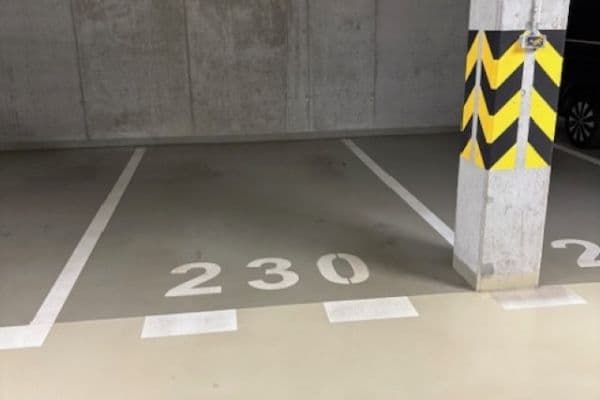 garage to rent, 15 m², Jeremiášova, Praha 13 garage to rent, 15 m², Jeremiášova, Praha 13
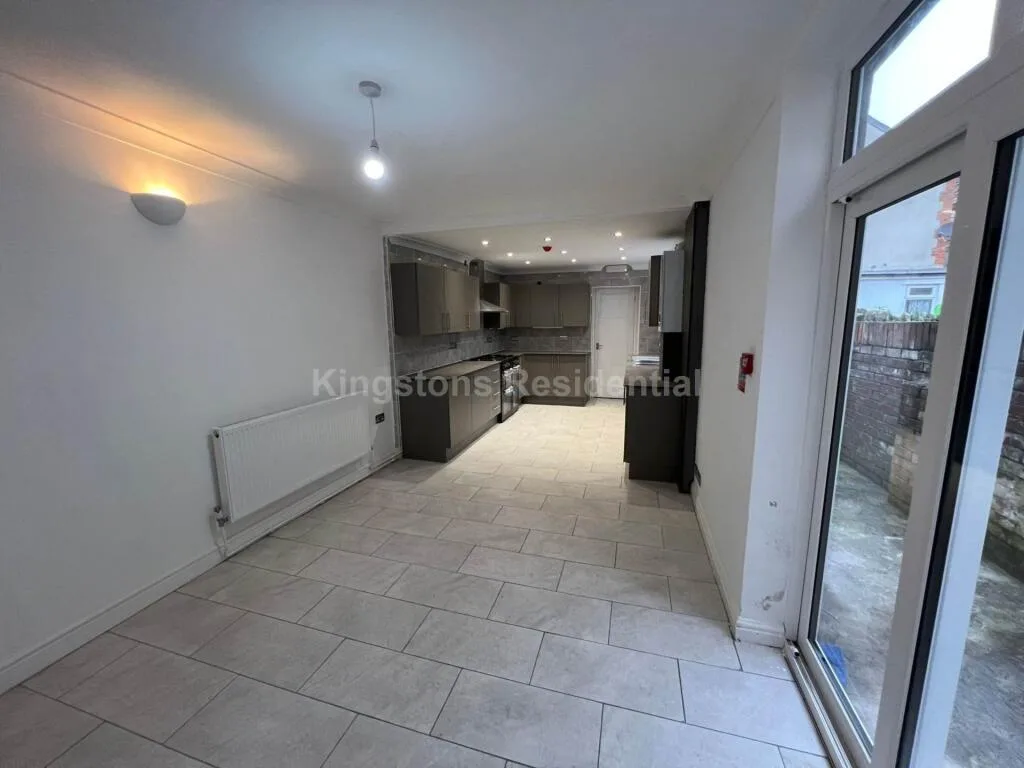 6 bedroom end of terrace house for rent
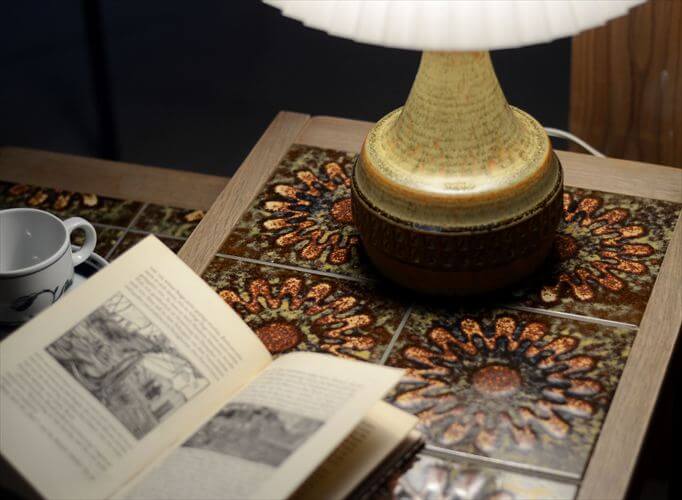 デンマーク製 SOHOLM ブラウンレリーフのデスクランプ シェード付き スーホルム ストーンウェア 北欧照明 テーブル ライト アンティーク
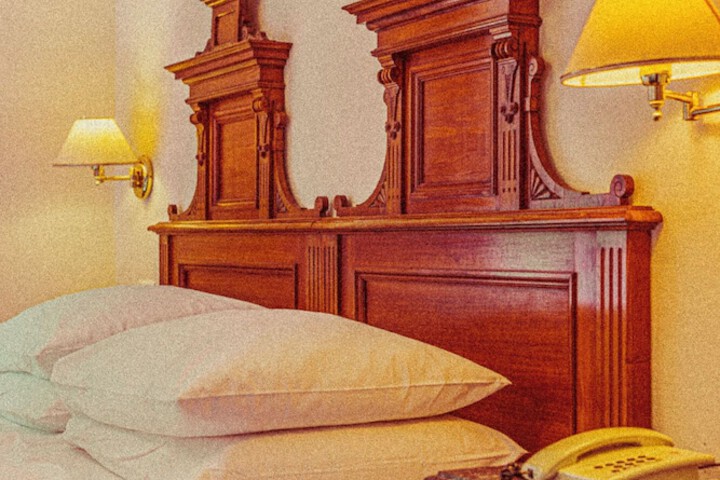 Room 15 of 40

########################################

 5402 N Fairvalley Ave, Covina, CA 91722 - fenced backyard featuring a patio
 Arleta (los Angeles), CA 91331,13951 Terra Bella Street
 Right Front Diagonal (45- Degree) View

########################################

» Task directions:
From the material above, reproduce only what runs from the line holding "garage to rent, 15 m², Jeremiášova, Praha 13 garage" down to the line holding "Room 15 of 40", both included, pictures excluded.

» The answer:
 garage to rent, 15 m², Jeremiášova, Praha 13 garage to rent, 15 m², Jeremiášova, Praha 13
 6 bedroom end of terrace house for rent
 デンマーク製 SOHOLM ブラウンレリーフのデスクランプ シェード付き スーホルム ストーンウェア 北欧照明 テーブル ライト アンティーク
 Room 15 of 40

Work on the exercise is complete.